(Data items)

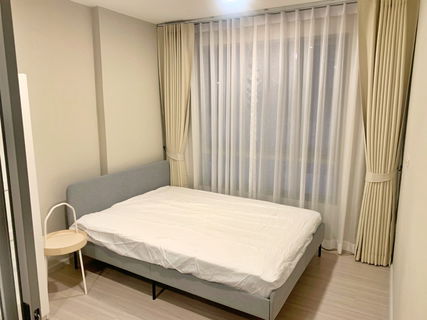 รูปภาพ ห้องว่าง🙋🏼💎🙋🏼💥แอดไลน์ได้เลย📲    Quintara สขุมวิท 39                         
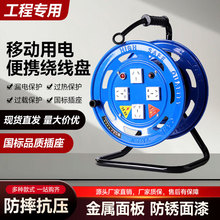 �Ƅ���|�P�ձP�֓u���L���@���P�Ͼ��ž���݆����늾����L���P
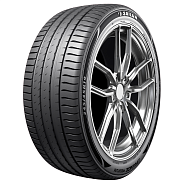 Шины Sailun Erange Premium 285/45 R21 113W XL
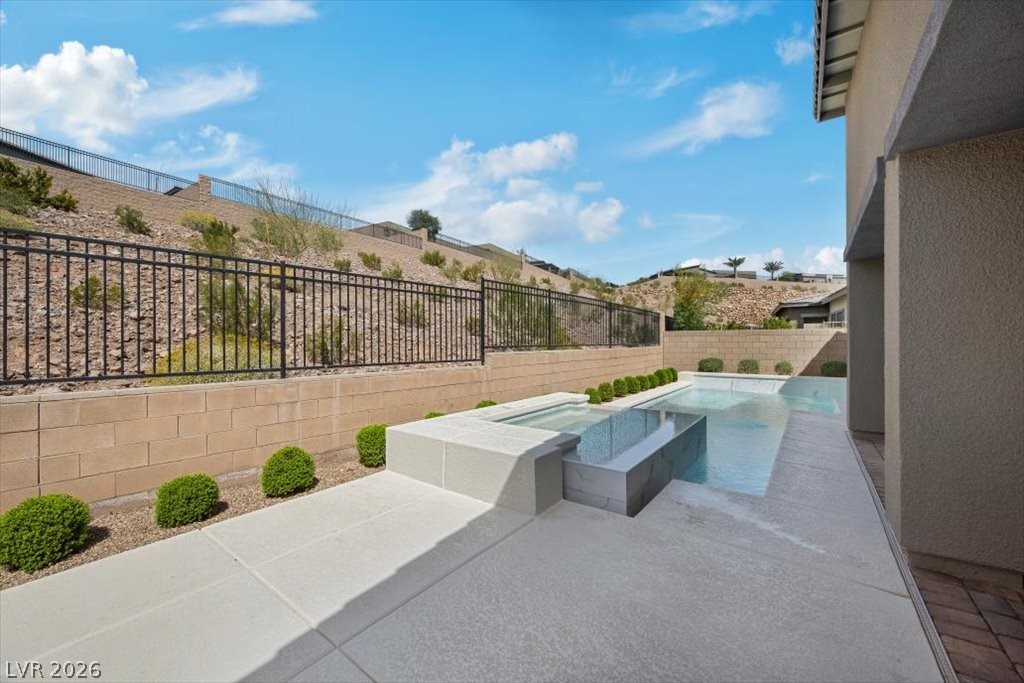 88 Reverie Heights Avenue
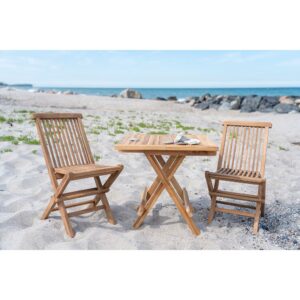 Toledo Kids Dining Chair – Bild 10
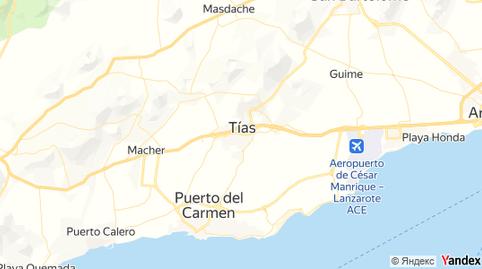 Photo 3 of Flat for sale in Tías pueblo, Tías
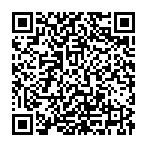 www.house-info.idv.tw房屋網-內湖電梯華廈-QRCode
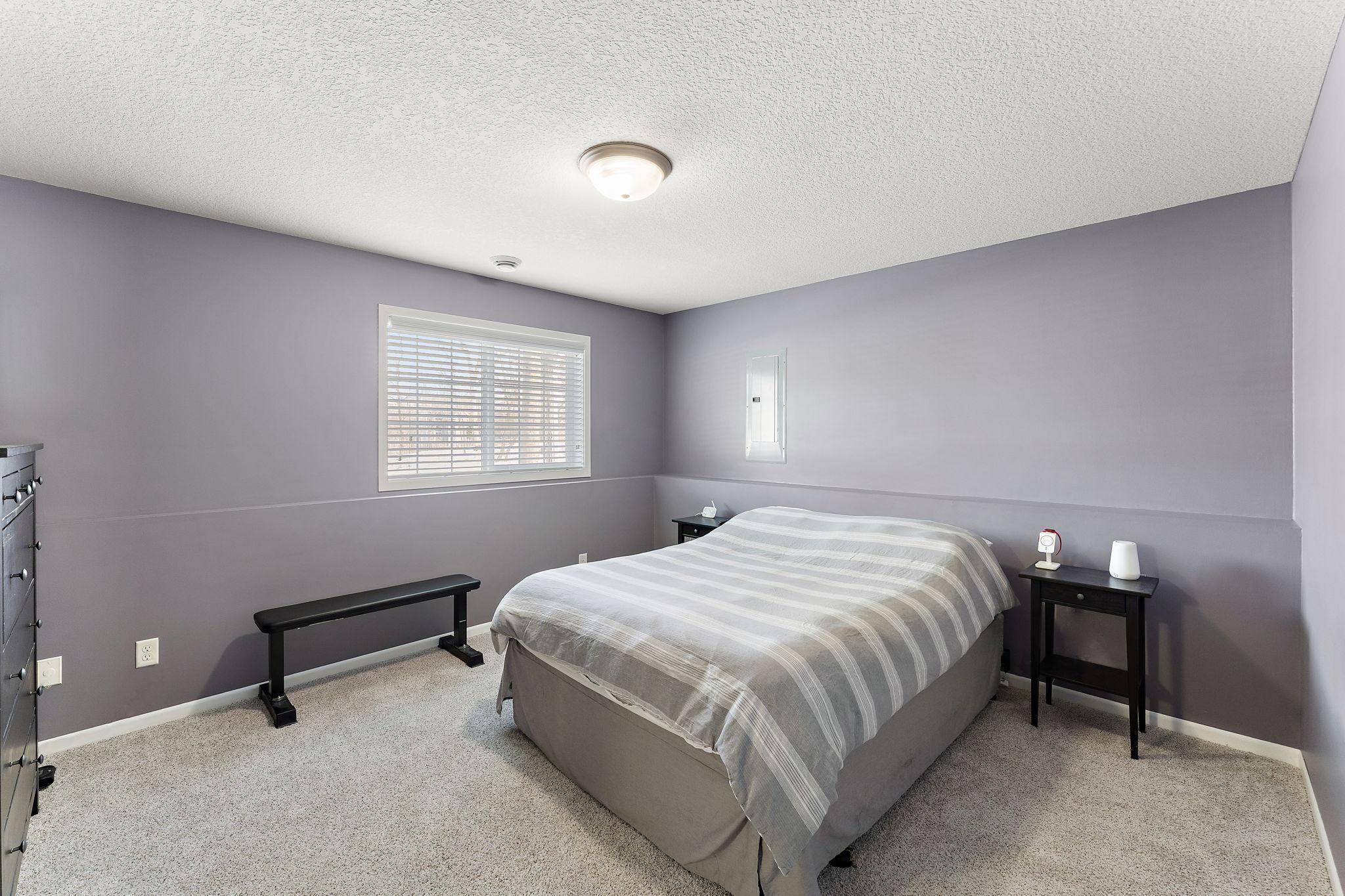 View of Residential at 2241 7th Street, North Saint Paul MN 55109, North Saint Paul (22 of 33) - Mike Wilen | Minnesota Team Real Estate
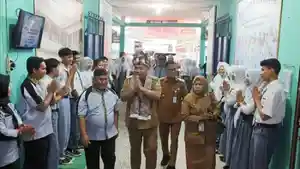20260608-Gubernur-Kepulauan-Babel-Hidayat-Arsani.jpg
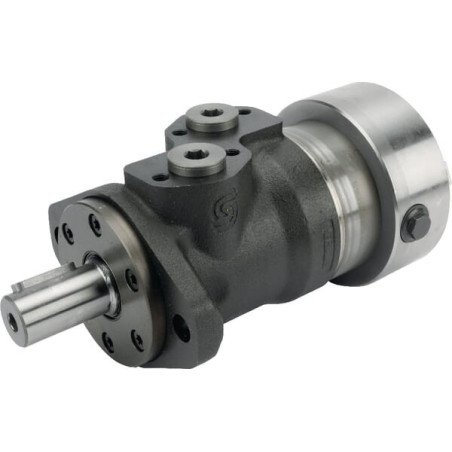 Moteur orbital diamètre 25mm DANFOSS OMP2001515250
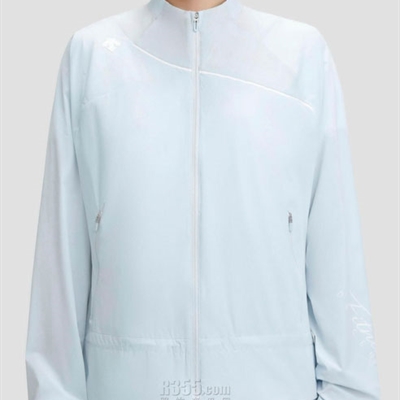戶外品牌-戶外外套-女戶外外套
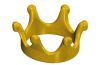 Playmobil - 30209460 - Queen crown II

**What is being asked**
Output every record above verbatim, excluding images.

**Your solution**
 รูปภาพ ห้องว่าง🙋🏼💎🙋🏼💥แอดไลน์ได้เลย📲    Quintara สขุมวิท 39                         
 �Ƅ���|�P�ձP�֓u���L���@���P�Ͼ��ž���݆����늾����L���P
 Шины Sailun Erange Premium 285/45 R21 113W XL
 88 Reverie Heights Avenue
 Toledo Kids Dining Chair – Bild 10
 Photo 3 of Flat for sale in Tías pueblo, Tías
 www.house-info.idv.tw房屋網-內湖電梯華廈-QRCode
 View of Residential at 2241 7th Street, North Saint Paul MN 55109, North Saint Paul (22 of 33) - Mike Wilen | Minnesota Team Real Estate
20260608-Gubernur-Kepulauan-Babel-Hidayat-Arsani.jpg
 Moteur orbital diamètre 25mm DANFOSS OMP2001515250
戶外品牌-戶外外套-女戶外外套
 Playmobil - 30209460 - Queen crown II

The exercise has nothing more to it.